According to an article in the American Journal of Roentgenology (AJR), findings on gadoxetate disodium-enhanced MRI, including hepatobiliary-phase characteristics, were associated with hepatocellular adenomas (HCA) subtypes using the 2017 genotypic classification.
“The proposed diagnostic algorithm identified common HCA subtypes with high accuracy, including those with β-catenin exon 3 mutations,” writes first author Justin R. Tse, MD, a radiologist at Calif.-based Stanford University School of Medicine.
“HCAs without features of hepatocyte nuclear factor-1β mutated HCA (H-HCA) or inflammatory HCA (I-HCA)—but with hepatobiliary-phase iso- or hyperintensity—are suspicious for β-catenin exon 3 HCA (β-HCA) or mixed inflammatory and β-catenin exon 3 HCA (βI-HCA), which have increased malignant transformation risk,” Tse adds.

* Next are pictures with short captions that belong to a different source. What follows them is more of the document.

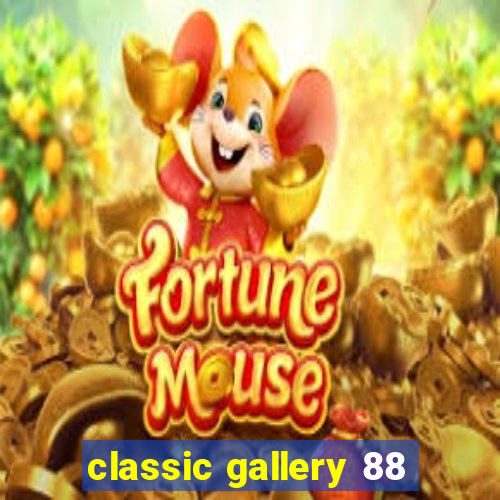 classic gallery 88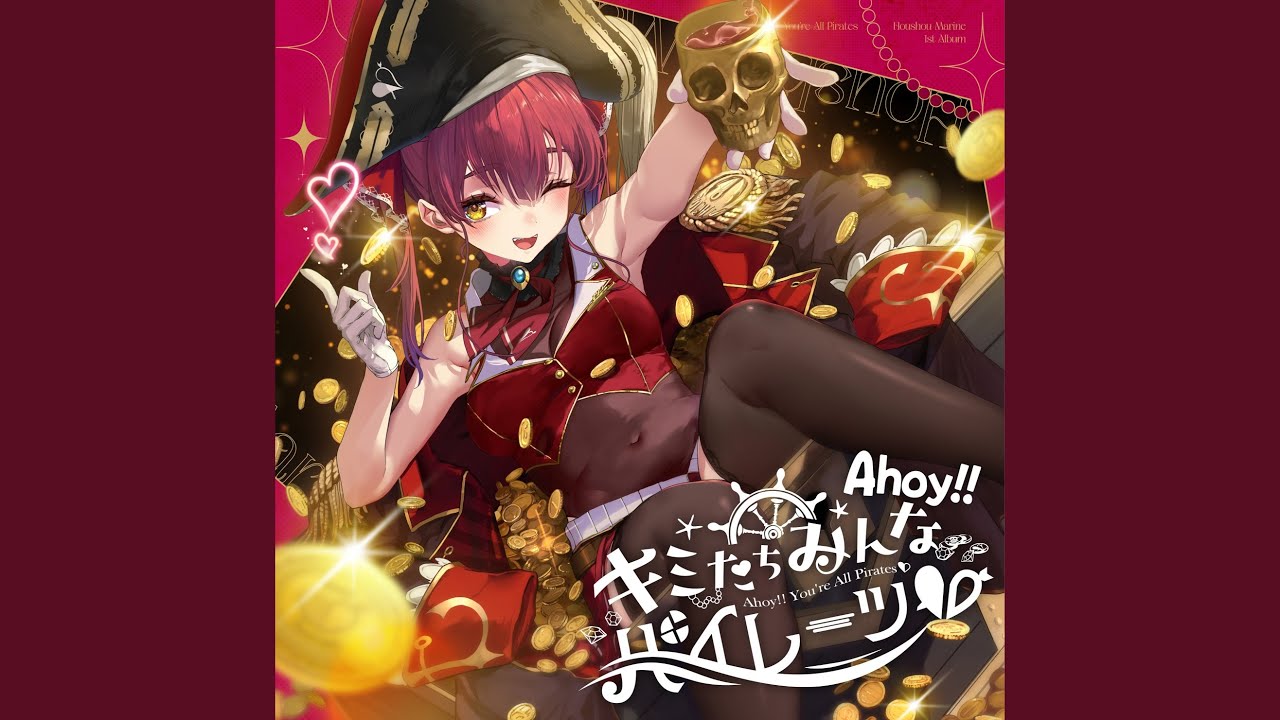 I'm Your Treasure Box ＊あなたは マリンせんちょうを - YouTube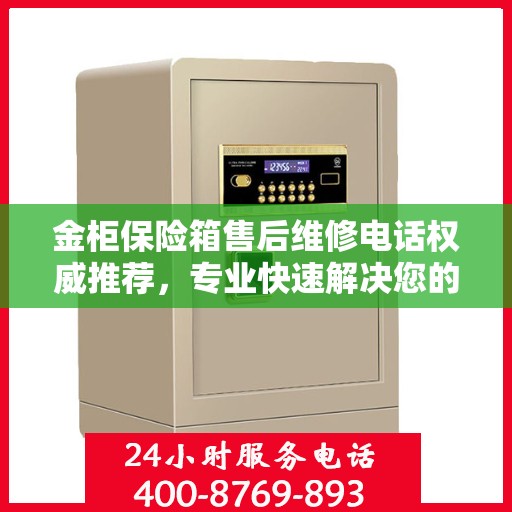 金柜保险箱售后维修电话权威推荐，专业快速解决您的安全存储问题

Tse and his team’s retrospective study included 56 patients (49 women, seven men; mean age, 37 years) with histologically confirmed HCA evaluated by gadoxetate disodium-enhanced MRI from January 2010 to January 2021. Using 2017 criteria, subtypes were reclassified: H-HCA, I-HCA, β-HCA, βI-HCA, as well as sonic hedgehog HCA (SH-HCA), a newly recognized subtype with the highest risk of symptomatic bleeding.
After assessing qualitative MRI features, measuring liver-to-lesion contrast enhancement ratios, and comparing subtypes, the investigators generated a stepwise diagnostic algorithm for determining HCA subtype, based on findings from their present analysis and relevant earlier studies.
Ultimately, H-HCAs showed homogeneous/diffuse intralesional steatosis in 94% of the cohort. I-HCAs showed atoll sign in 58% and moderate T2-hyperintensity in 58%. Meanwhile, β-HCAs and βI-HCAs occurred in men in 63%, had mean size of 10.1 cm, and showed fluid components in 60% and hepatobiliary-phase iso- or hyperintensity in 80%. The SH-HCA subtype lacked distinguishing characteristics.